▶ **Task statement**: Everything from the line with "2 Pack 31.5inch" down to the line with "MEN BLACK TWO" below must be printed exactly, those two lines included. Exclude pictures.

▶ **Material for the task**:
• • • •

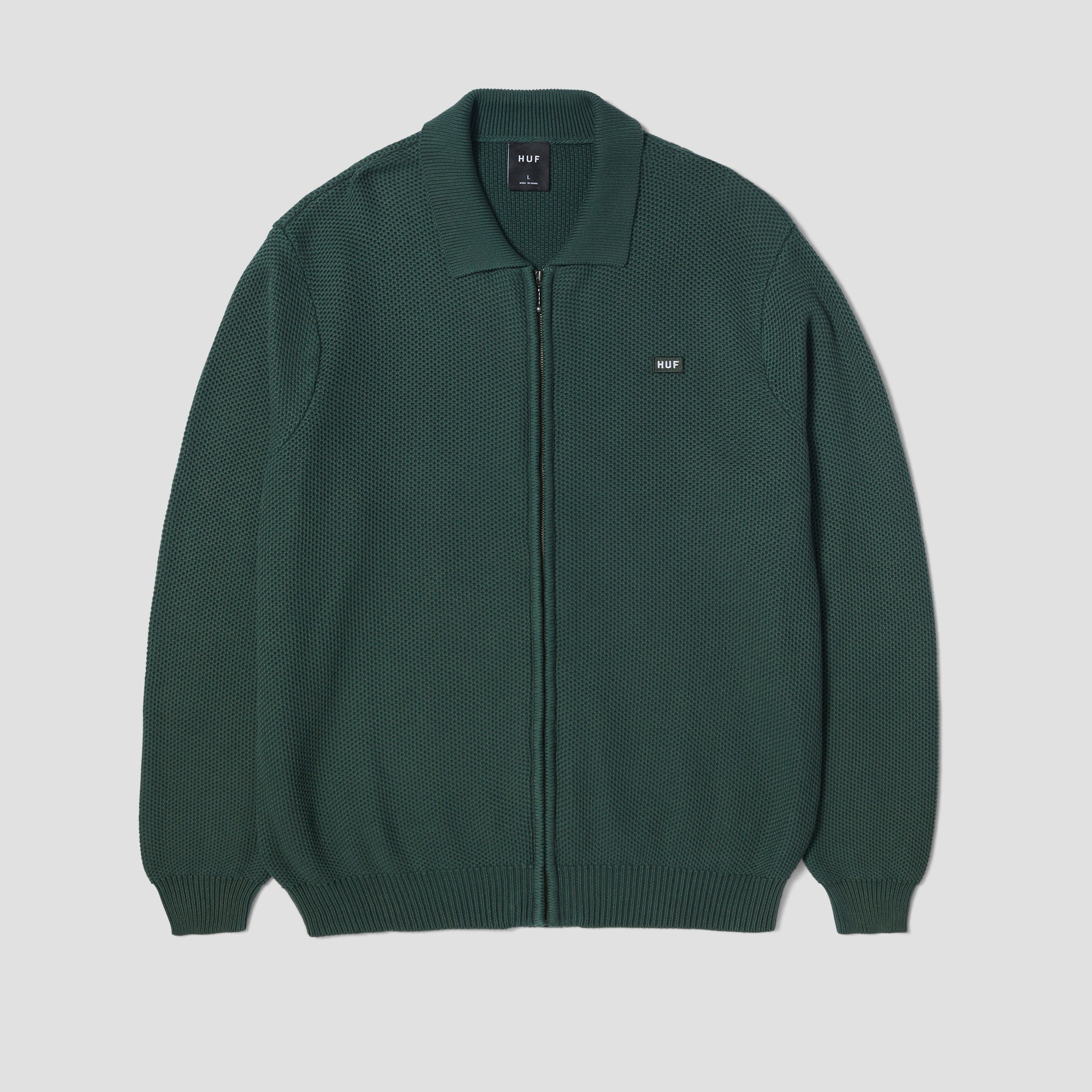 HUF Anton Zip Overdyed Sweater Hunter Green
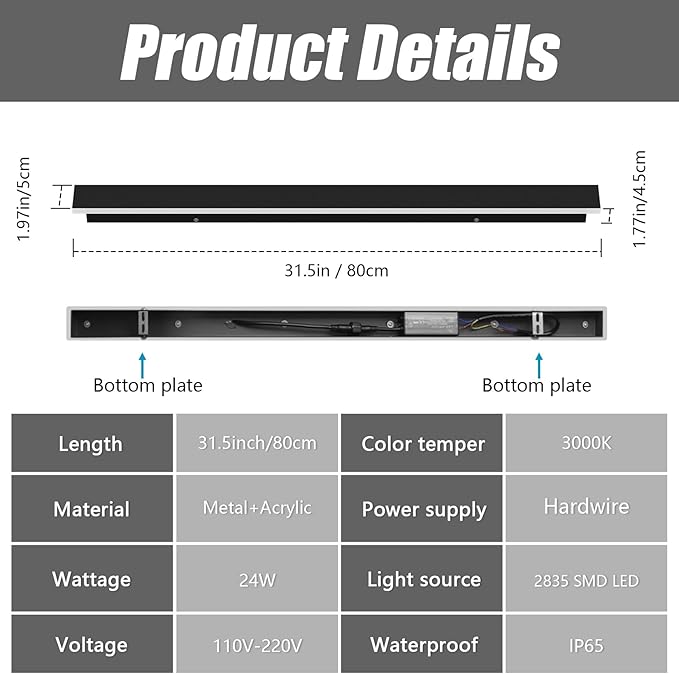 2 Pack 31.5inch Long Outdoor LED Wall Lights 24W Black 3000K Warm White Porch Lights Acrylic Waterproof IP65 Exterior Wall Light Fixtures for House Patio Porch Courtyard
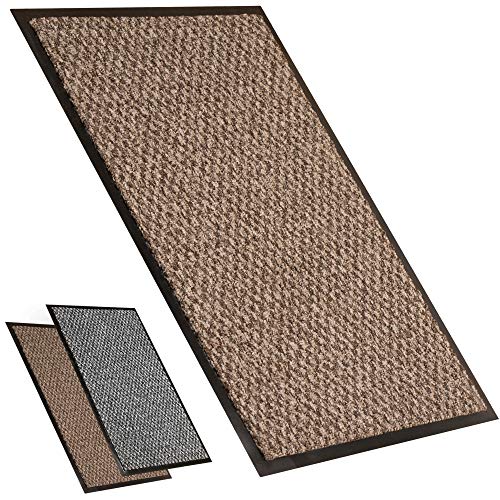 Kitcch Alfombras Pasillo Grandes Exterior & Alfombra Entrada Casa Interior | Estera de Bienvenida Absorbente y Fina para Debajo de la Puerta | Alfombras Lavables | Marrón/Beige 80x120 cm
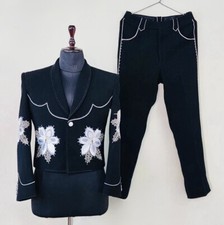 MEN BLACK TWO PIECE CUSTOMIZED VINTAGE FLORAL FLOWERS EMBROIDERY WESTERN SUIT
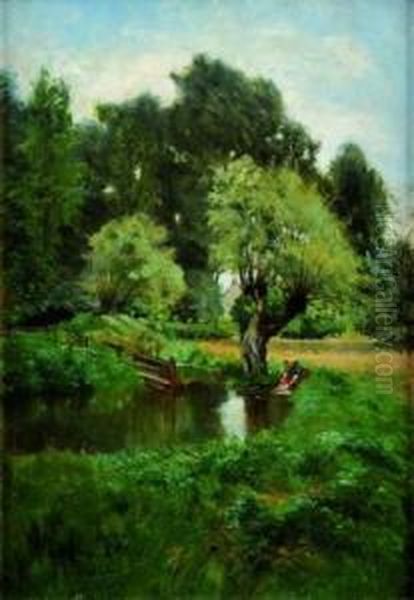 Chiens Et Sanglier Dans La Neige Oil Painting by Rene Valette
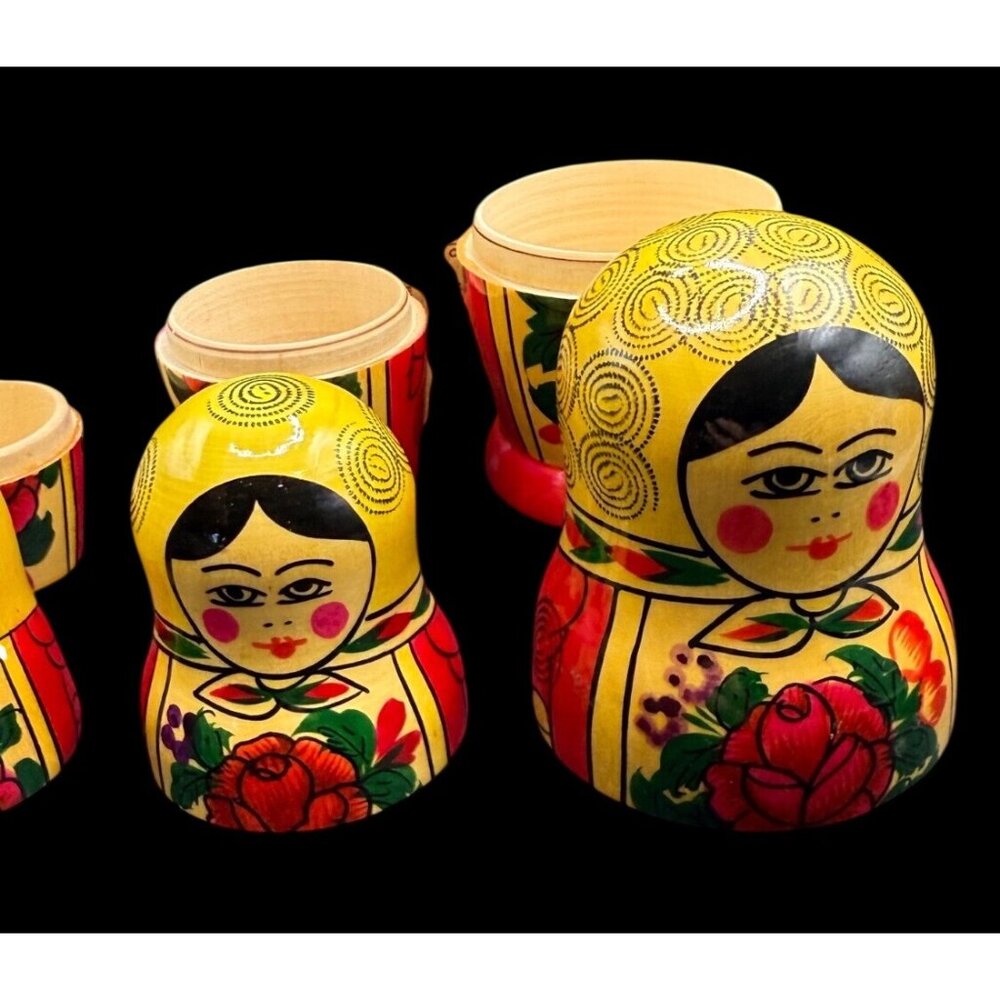 Hand-Painted Set Of 6 Wooden Russian Matryoshka Nesting Dolls With Floral Design - Picture 6 of 11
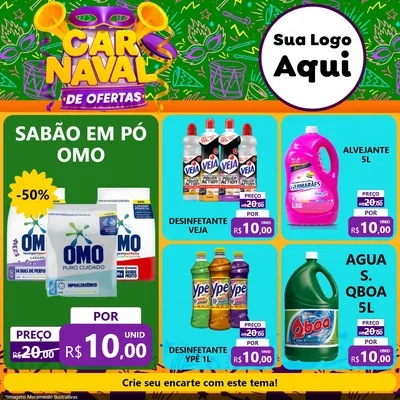 Modelo de Rede Social para Feed Facebook com o tema Carnaval de Ofertas para Produtos de Limpeza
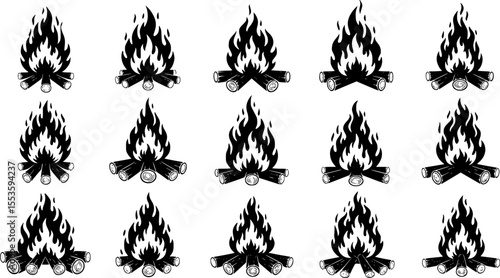 Collection of Campfire Silhouettes with Flames and Logs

• • • •

▶ **Written answer**:
 2 Pack 31.5inch Long Outdoor LED Wall Lights 24W Black 3000K Warm White Porch Lights Acrylic Waterproof IP65 Exterior Wall Light Fixtures for House Patio Porch Courtyard
 Kitcch Alfombras Pasillo Grandes Exterior & Alfombra Entrada Casa Interior | Estera de Bienvenida Absorbente y Fina para Debajo de la Puerta | Alfombras Lavables | Marrón/Beige 80x120 cm
 MEN BLACK TWO PIECE CUSTOMIZED VINTAGE FLORAL FLOWERS EMBROIDERY WESTERN SUIT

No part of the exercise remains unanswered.